Example Response Configuration:
version: v1
responses:
- name: RecordRoute
python: |
def handler(req):
l = req.values.length;
return SkyrampValue(
value = {
"pointCount": l,
"featureCount": l,
"distance": l * 100,
"elapsedTime": 0
}
)
}
endpointName: routeguide_jMBp
methodName: RecordRoute
# More response configurations...
-
Using the pythonPath Attribute
Alternatively, you can use the pythonPath attribute to specify the path to an external Python script file containing your custom response handling logic.
Example Response Configuration:
version: v1
responses:
- name: RecordRoute
pythonPath: scripts/record_route.py
endpointName: routeguide_jMBp
methodName: RecordRoute
# More response configurations...
The external Python script file record_route.py defines a handler function to process the request or context and generate the response.
These dynamic response options allow you to tailor the responses generated by your mock server based on specific conditions or logic needed for testing.
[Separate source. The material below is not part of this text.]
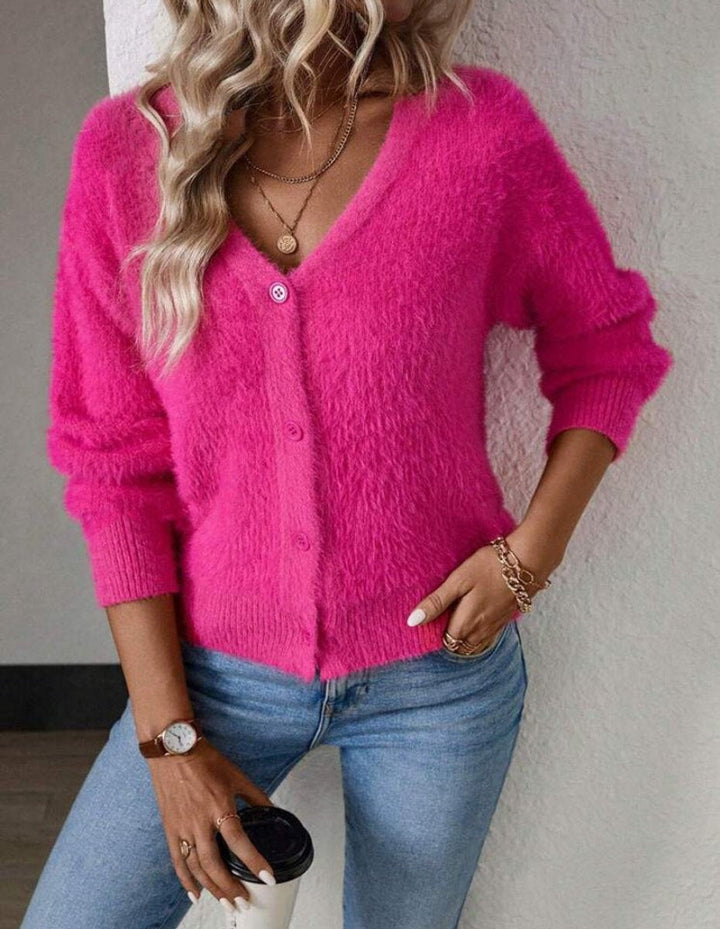 Olga | Women's Soft Knit V-Neck Button-Front Cardigan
AI-Generated Default Values
Skyramp integrates with OpenAI to provide AI-generated default values for response configurations. This optional feature can be enabled by invoking skyramp mocker generate with the --openai option.
To use this option:
-
Create an OpenAI developer account by following the OpenAI documentation if you don’t have one already.
-
Set the OPENAI_API_KEY environment variable by running the following command in your terminal:
export OPENAI_API_KEY=<YOUR_API_KEY>
Note: You can set this environment variable temporarily for the current terminal session. For permanent setup, add the export command to your shell’s profile file (e.g., .bashrc, .bash_profile, .zshrc, etc.).
- Run the
skyramp mocker generate command with the --openai option, as shown below:
skyramp mocker generate grpc \
--api-schema routeguide.proto \
--alias routeguide \
--port 50051 \
--service RouteGuide \
--openai
Skyramp limits AI-generated default values to a maximum of three response value JSON blobs per session to prevent excessive use of OpenAI tokens for large schema files. AI-generated defaults will be available for a maximum of three responses, while the remaining responses will have Skyramp-generated defaults.
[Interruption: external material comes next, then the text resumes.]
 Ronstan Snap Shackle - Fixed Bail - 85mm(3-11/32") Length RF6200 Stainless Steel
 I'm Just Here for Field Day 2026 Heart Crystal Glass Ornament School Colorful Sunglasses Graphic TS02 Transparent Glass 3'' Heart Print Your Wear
Please note that the limits may change based on usage and feedback.
Endpoint Configuration
The endpoint configuration file defines networking-level service details for an endpoint.
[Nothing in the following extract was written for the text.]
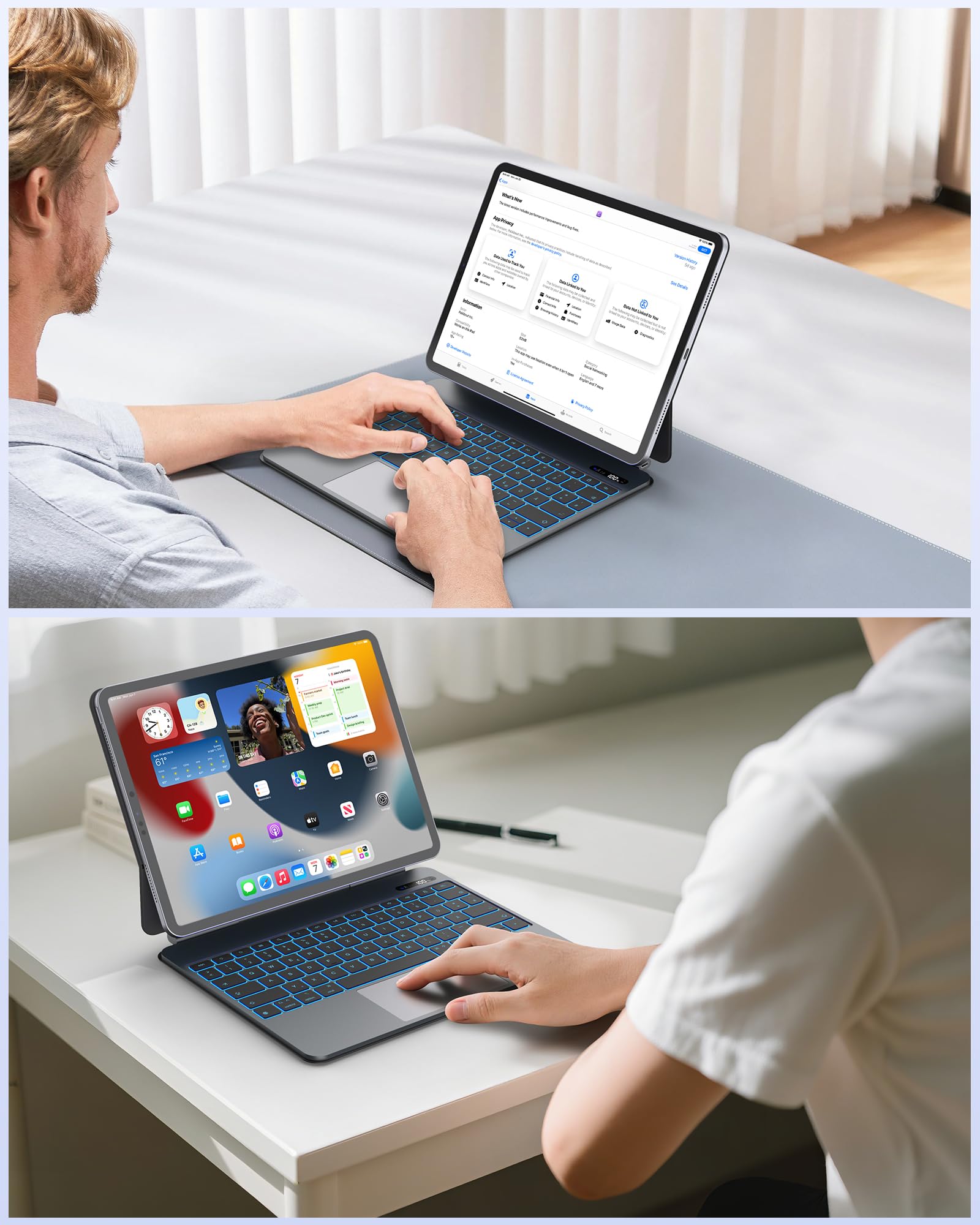 Bettdow für iPad Air 13 Zoll M4 2026/M3 2025/M2 2024/iPad Pro 12.9" 2018-2022 Tastatur Hülle, Leichte Aluminiumlegierung Schwebendes Magnetisches Design mit Trackpad, QWERTZ-Layout Tastatur, Schwarz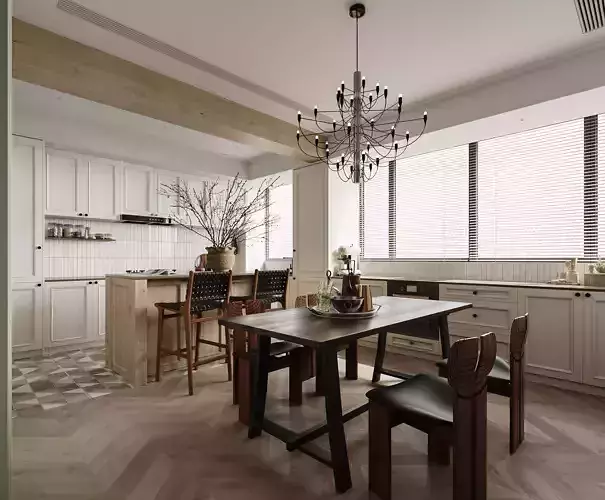 Modern dining room kitchen interior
Example Endpoint Configuration:
version: v1
services:
- name: routeguide
port: 50051
alias: routeguide
protocol: grpc
endpoints:
- name: routeguide_jMBp
methods:
- name: GetFeature
- name: ListFeatures
- name: RecordRoute
- name: RouteChat
defined:
path: ./pb/route_guide.proto
name: RouteGuide
serviceName: routeguide
For configuring the endpoint file, we have a few key attributes:
-
services: This section lists the services available in your project. In this example, there is one service named routeguide.
-
endpoints: Under the endpoints section, you define individual endpoints, specifying the available methods, the service definition path, and the service name. In the example, we have an endpoint named routeguide_jMBp for the RouteGuide service.
-
methods: Within each endpoint, you list the available methods. In this case, we have methods like GetFeature, ListFeatures, RecordRoute, and RouteChat. This helps specify the details of each method and how it should behave.
-
defined: Here, you specify the service definition file’s path and the service name. The service definition file (route_guide.proto) outlines the structure of the service and its methods.
By configuring endpoints, you define the available services and methods within your project, facilitating mocking services in your distributed application. We recommend dynamically generating a mock by providing service-level information.
TLS Support
Please note that mocking is not supported for endpoints using TLS. Endpoints using HTTPS should be replaced with HTTP.